На общефедеральном парламентском уровне, однако, до 2008 года оппозиция в основном была представлена Исламской партией Малайзии (ИПМ) и Партией демократического действия (ПДД). Вокруг первой из этих организаций блокируются исламские радикалы, недовольные умеренным исламизмом официальной верхушки и разделяющие идею "исламского государства". На протяжении полувека за нее регулярно голосуют около трети малазийских избирателей, а ее численность составляет около миллиона членов. "По мнению ИПМ, нормы шариата должны лежать в основе всего законодательства, – отмечает местный исследователь. – В этом партия отличается от ОМНО, которая движется в аналогичном направлении, но не видит нужды во внесении в федеральную конституцию поправок, которые провозглашали бы Малайзию исламским государством". В отличие от оппозиционеров, действующий режим считает, что страна и так достаточно исламизирована; еще в 2001 году премьер-министр Махатхир Мохамад заявлял: "Малайзия уже сейчас – исламское государство!" Что касается второй партии, ПДД, то она представляет интересы китайской буржуазии, на протяжении десятилетий дискриминируемой государством.
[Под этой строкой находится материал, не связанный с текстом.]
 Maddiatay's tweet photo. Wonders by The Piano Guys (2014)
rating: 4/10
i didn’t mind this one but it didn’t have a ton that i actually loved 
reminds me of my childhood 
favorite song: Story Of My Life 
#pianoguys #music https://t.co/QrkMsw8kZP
Как отмечают наблюдатели, способность двух этих групп к сохранению собственной автономии и электорального потенциала на фоне прочих оппозиционных партий Юго-Восточной Азии выглядит уникальной. Использующие эти ресурсы оппозиционеры в последние годы смогли обеспечить себе заметное представительство в парламенте, стимулируя общественные дебаты и осложняя жизнь правительству. Они активно играют на региональном поле, причем время от времени им даже разрешается сформировать органы власти в том или ином субъекте федерации. Фактически в указанной перспективе малазийский федерализм можно рассматривать в качестве средства "приручения" оппозиции, не позволяющего ей предпочесть внесистемные методики сопротивления авторитарному режиму. На выборах 2008 года когорта парламентских оппозиционеров увеличилась за счет Партии народной справедливости (ПНС), выступающей под либеральными и реформистскими лозунгами и претендующей на преодоление религиозных и этнических барьеров. В ее распоряжении сегодня 23 депутатских мандата.